В середине V в. Феодорит Кирсский, говорил о «незначительных остатках язычников» в Антиохии (Theod. HE., V, 35). Данное утверждение справедливо относительно всего населения столицы Сирии, в которой христиане составляли большинство уже в 60-е гг. IV в.[1040]. Вместе с тем, среди муниципальной знати Антиохии язычники оставались заметным и влиятельным меньшинством. В конце IV в. пост главы антиохийской курии занимал язычник Литоиос (Theod. HR., XIV, 4), а в середине V в. язычник Иларий (Dam. V. Isid., 90). Язычником был один из крупнейших антиохийских землевладельцев второй половины V в. — квестор Исокасий (Malal., XIV, 38). По данным Евагрия Схоластика и Иоанна Эфесского приверженность языческим культам не являлась исключением среди образованных слоев антиохийского общества еще и в конце VI в.[1041]. Схожая ситуация наблюдалась и во многих других городах империи: Сардах[1042], Эдессе[1043], Панополе[1044], городах Пентаполя[1045].
Очевидно, далеко не все лидеры христианских общин были готовы выступать против местных культов и противостоять большинству населения с энергией Порфирия Газского. Значительная часть иерархов Церкви предпочитала менее радикальные, а следовательно, и более медленные формы распространения христианства. Еще одной причиной для игнорирования имперского законодательства являлся социальный конформизм, характерный для военно-бюрократической элиты даже в большей степени, чем для представителей клира. Провинциальная администрация, заинтересованная, прежде всего, в поддержании общественного спокойствия и платежеспособности городов, зачастую не решалась активно выступать против храмов, особенно если местные культы пользовались покровительством представителей аристократии[1046]. Центральная власть также не брала на себя инициативу в деле уничтожения местных языческих культов. В отдельных случаях политическая необходимость даже вынуждала правительство христианской империи оказывать прямую поддержку сохранившимся языческим культам. По свидетельству Приска, гарантом мира между империей и племенами блемиев и нобадов являлось поддержание культа Изиды в храме на нильском острове Филы (Prisc. Fr., 17).

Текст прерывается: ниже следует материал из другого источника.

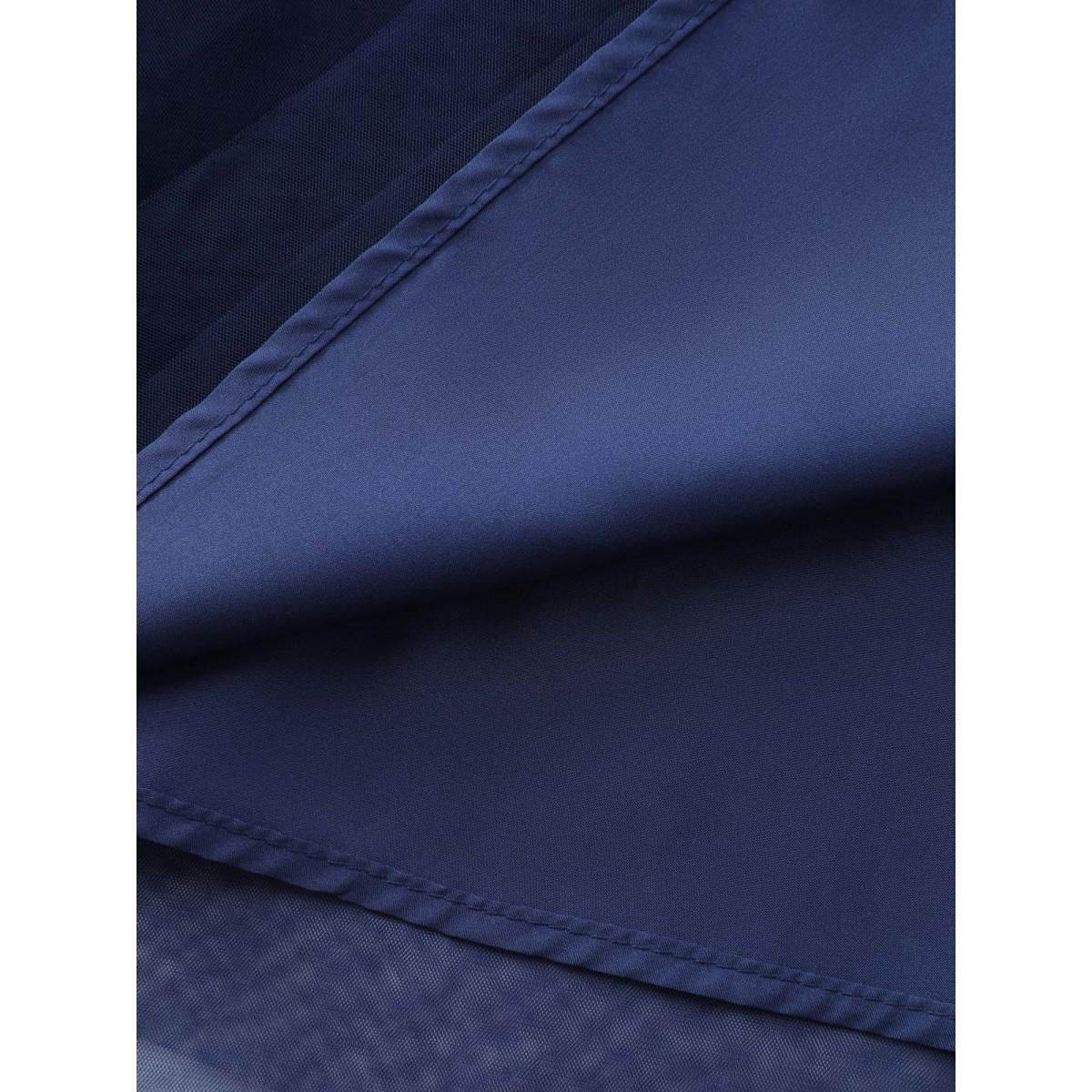 Plus Size Rhinestone Triangular Mesh Cinched-Waist Maxi Dress Navy Women Party&Cocktail V-neck Short sleeve Curvy BloomChic 10/M Product Image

Сохранению язычества весьма способствовала и коррумпированность церковных иерархов и государственного аппарата Восточно-римской империи. Фактически, корыстолюбивая веротерпимость представителей провинциальной администрации и части высшего клира позволяла язычникам не таясь отправлять ритуалы запрещенных культов. Помимо вышеупомянутого чиновника Илария, принимавшего взятки от газских язычников, известно несколько примеров подобной практики. Так на II Эфесском (Разбойном) соборе, за «принятие подарков от эллинов, попадающихся на грехе жертвоприношения» и освобождение их от обвинения был осужден епископ Даниил Каррский (С. Chalc., X, 73, 17). Также и язычники египетского селения Менуфис за золото «покупали» у местного клира право на принесение жертв (Zach. V. Sev., 29–31). Псевдо-Диоскор в своем «Похвальном слове Макарию Тковскому» упоминал, что язычники египетского нома Шмим не таясь приносили жертвы богам, по той причине, что «власти этого нома были люди корыстолюбивые» (Ps. Dios., 10). Согласно данным переписки Григория Двоеслова, язычники Сардинии еще и в конце VI в. приносили жертвы богам благодаря подкупу местных чиновников (Greg. Dial. Ep., V, 41)[1047].
Таким образом, после официального запрета на отправление традиционных культов язычество продолжительное время имело множество последователей в высших слоях восточноримского общества. Опасаясь усиления оппозиционных настроений среди все еще весьма многочисленного языческого населения, христианские императоры, по сути, «сквозь пальцы» смотрели на сохранение и даже доминирование древних культов в ряде регионов империи и, несмотря на жесткую антиязыческую риторику государственного законодательства, неохотно шли на решительные меры по искоренению традиционных культов в областях, где антиязыческие акции не находили поддержки большинства населения.